Task material:
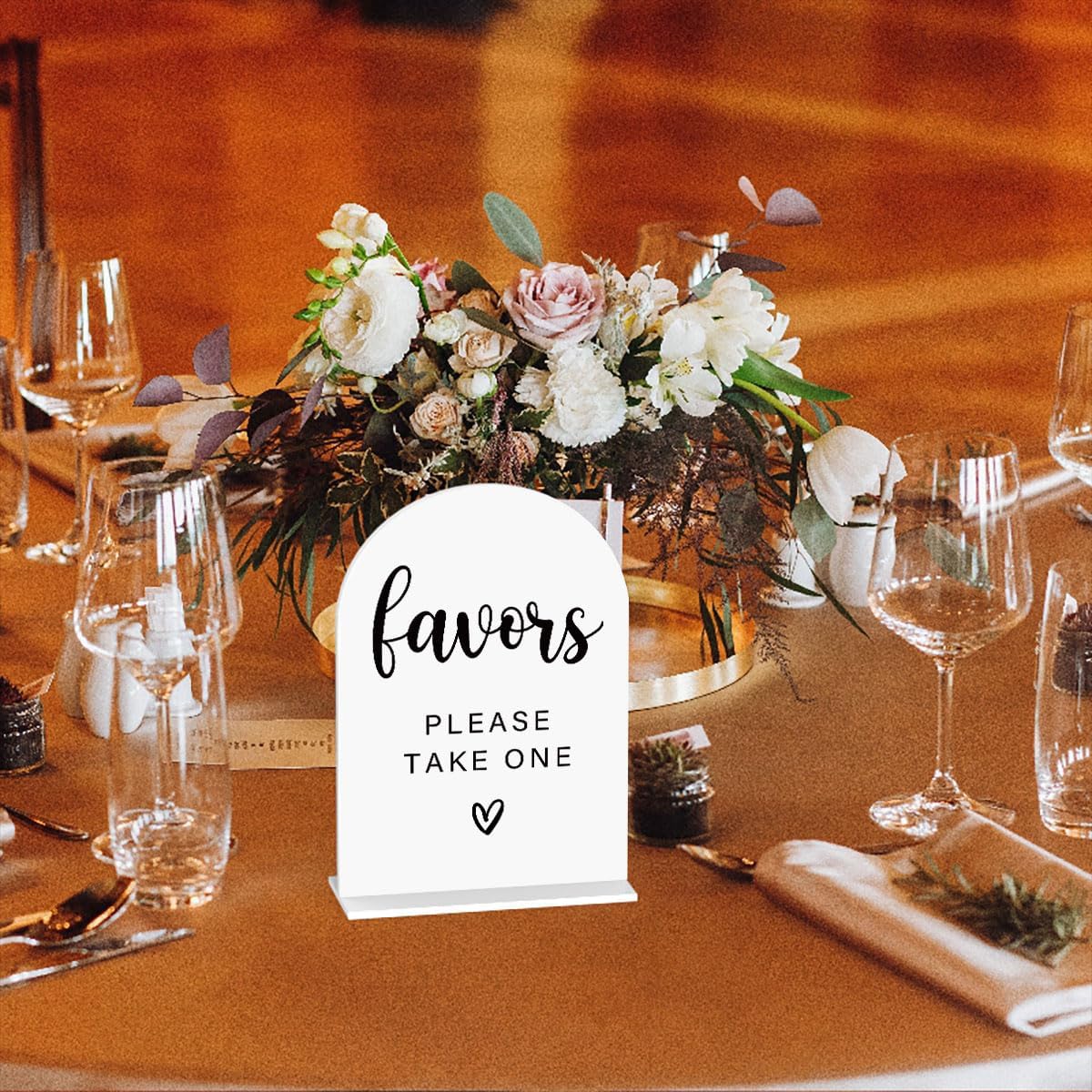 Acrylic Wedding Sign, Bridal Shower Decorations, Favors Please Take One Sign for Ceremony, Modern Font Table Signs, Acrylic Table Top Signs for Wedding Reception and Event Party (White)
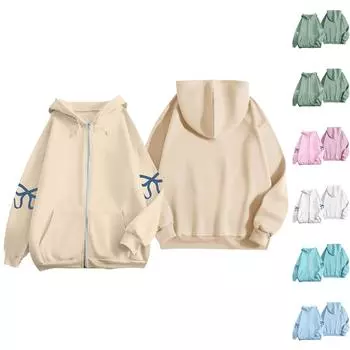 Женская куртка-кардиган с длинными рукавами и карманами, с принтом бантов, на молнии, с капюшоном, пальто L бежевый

==

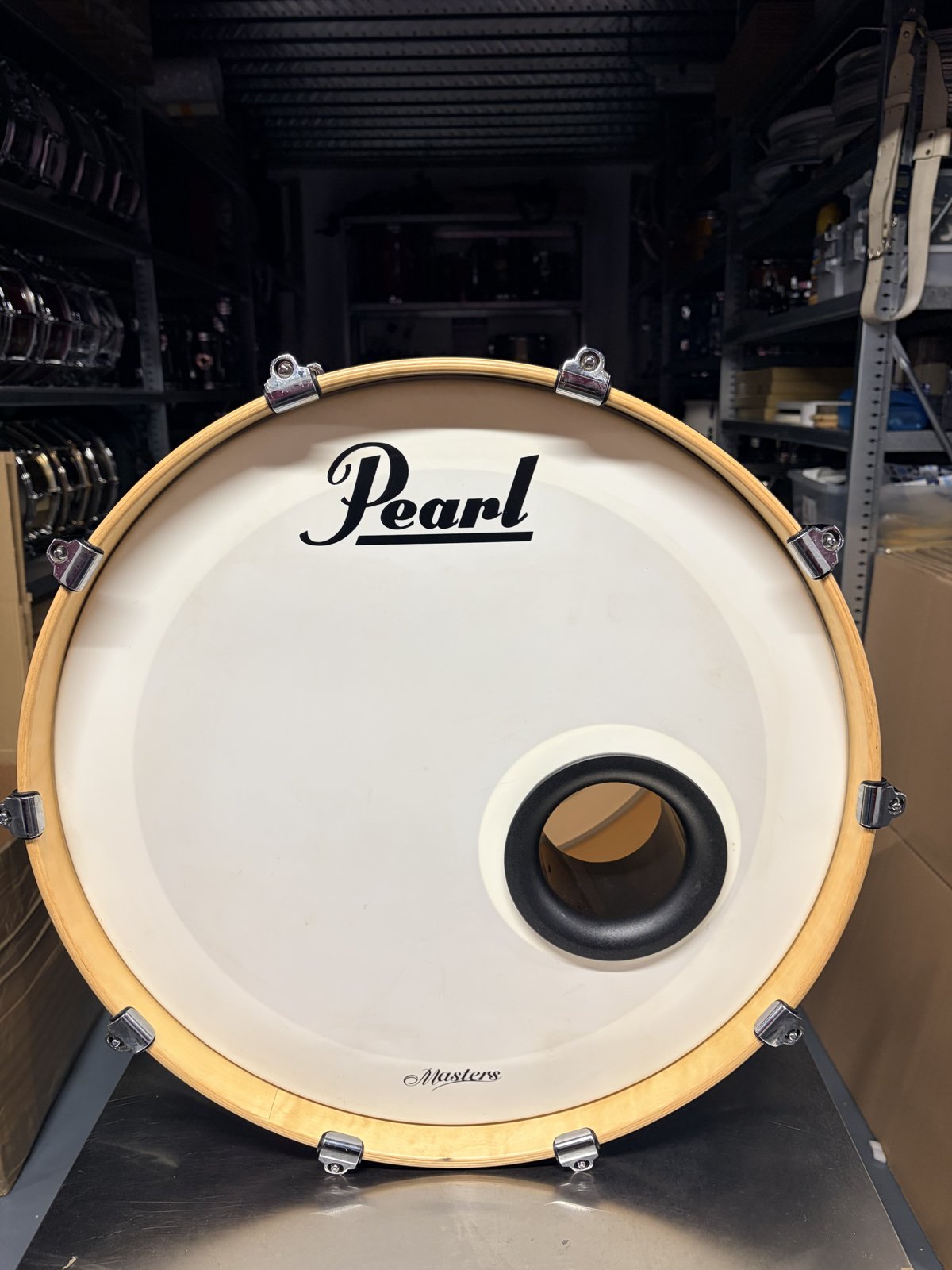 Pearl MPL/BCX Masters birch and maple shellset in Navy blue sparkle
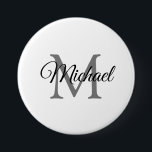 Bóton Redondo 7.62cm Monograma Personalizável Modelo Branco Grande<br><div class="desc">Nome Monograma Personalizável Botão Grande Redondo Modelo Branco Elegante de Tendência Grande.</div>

Task instructions: Only one stretch of the listing above is to be duplicated: the lines from the one containing "Acrylic Wedding Sign, Bridal" through the one containing "Женская куртка-кардиган с", both included. Copy them exactly, minus the pictures.

Task solution:
 Acrylic Wedding Sign, Bridal Shower Decorations, Favors Please Take One Sign for Ceremony, Modern Font Table Signs, Acrylic Table Top Signs for Wedding Reception and Event Party (White)
 Женская куртка-кардиган с длинными рукавами и карманами, с принтом бантов, на молнии, с капюшоном, пальто L бежевый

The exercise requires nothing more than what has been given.